Although I am keen on the idea of a pithy anecdote or metaphor that somehow says it all, I came to realize that the work undertaken by the Department in teacher education is complex. We aspire to serve audiences around the globe in a way that is intellectually rigorous; forward-thinking and relevant; and ultimately accessible and affordable. At the same time, we believe in flexibility and long-term investment in educators and schools. We believe in adhering to the principles of leading-edge research and proven best practice. Not just reviewing and incorporating research—but in its undertaking by our instructional staff. We believe in differentiated instruction—not just as a matter of pedagogical content, but as a matter of andragogical precept. We believe in fiscal responsibility for ourselves whilst building reciprocal capacity with and not for our partners in PK-postgraduate. Finally, we believe in service to our communities. Not solely in San Diego, but as a globally focused provider of continuing teacher education, our communities across the world—be they in Montevideo or Mission Valley. Could our very Triton-hood unite the world and bring it peace? Are we not the Ultimate Teaching Machine? Do we not Try Harder all the time? Don’t we ‘Just do it’ when need arises?
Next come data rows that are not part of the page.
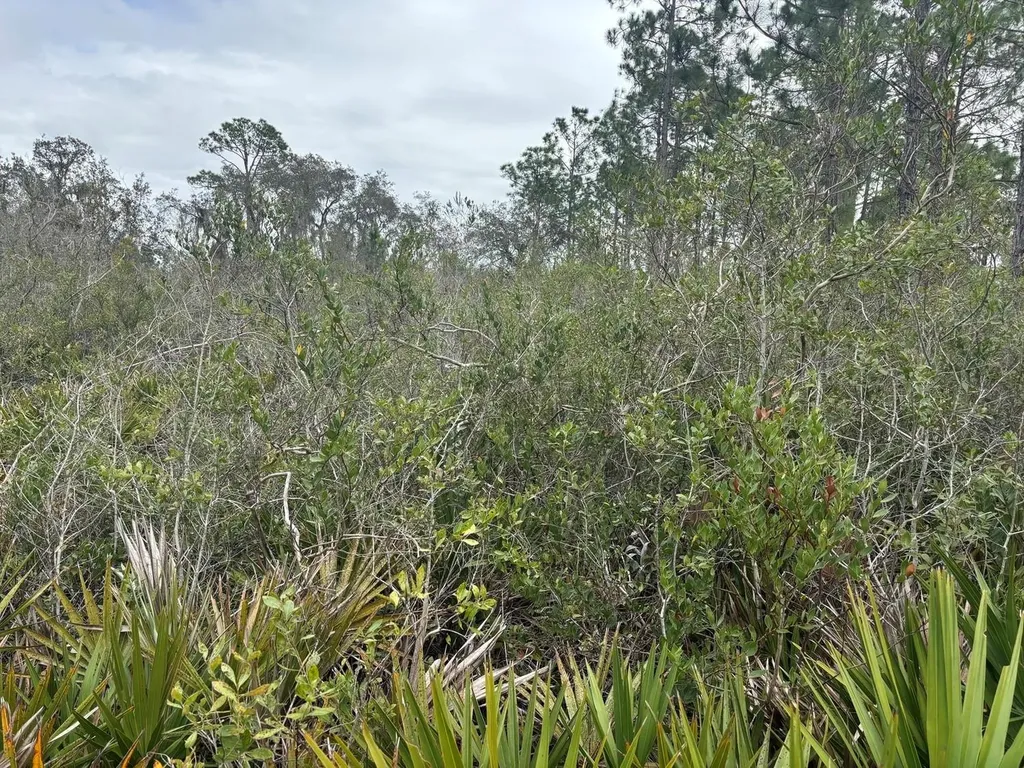 0 Old Grade Road Polk City FL 33868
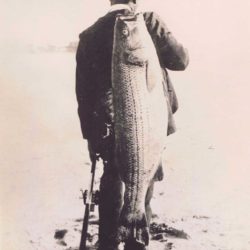 Image of a man with a Striped Bass from the Archives of the East Hampton Historical Society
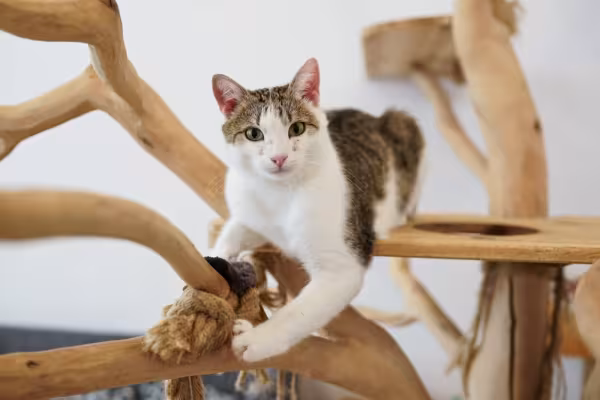 gato brincando no playground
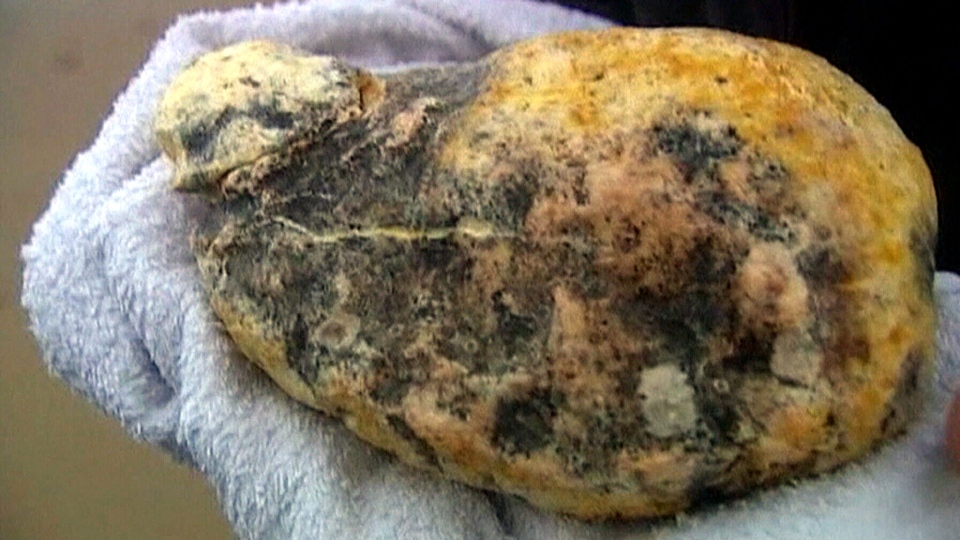 Blog FUAD Informasi Dikongsi Bersama What Is Ambergris?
Well, no. That’s a bit much—and arrogantly derivative to say the very least.
After a bit of manic celebration and resultant confusion, I came to realize that the answers I sought could be found in the seal of the University of California. Fiat Lux. Let there be Light. The pathway is illuminated thus: consider the University of California’s mission:
“The distinctive mission of the University is to serve society as a center of higher learning, providing long-term societal benefits through transmitting advanced knowledge, discovering new knowledge, and functioning as an active working repository of organized knowledge. That obligation, more specifically, includes undergraduate education, graduate and professional education, research, and other kinds of public service, which are shaped and bounded by the central pervasive mission of discovering and advancing knowledge.” (http://www.universityofcalifornia.edu/aboutuc/missionstatement.html).
Though the Master Plan for Higher Education in California has become a bit opaque over the years, the University’s tri-fold objective of excellence in research, teaching and service cuts through the fog like a hot knife through butter. Try as I might, I was unable to find a course, program or community engagement that did not fit therein. And quite happily, I found that I was not alone in my search for identity—it is a revered tradition in the University. For example, in a quote attributed to the late Clark Kerr, first Chancellor at UC Berkeley and twelfth president of the University of California:
“A university anywhere can aim no higher than to be as British as possible for the sake of the undergraduates, as German as possible for the sake of the public at large-and as confused as possible for the preservation of the whole uneasy balance.”
So in the end, the answer to the question “Who are you?” lies not in crafting an elevator speech, witty slogan or clever catchphrase, but adhering to those three enduring guiding principles that have lit the way for nearly a century and a half. All we have to portend to be is who we are–and I believe that is something I can live with and happily share with prospective students from across the globe.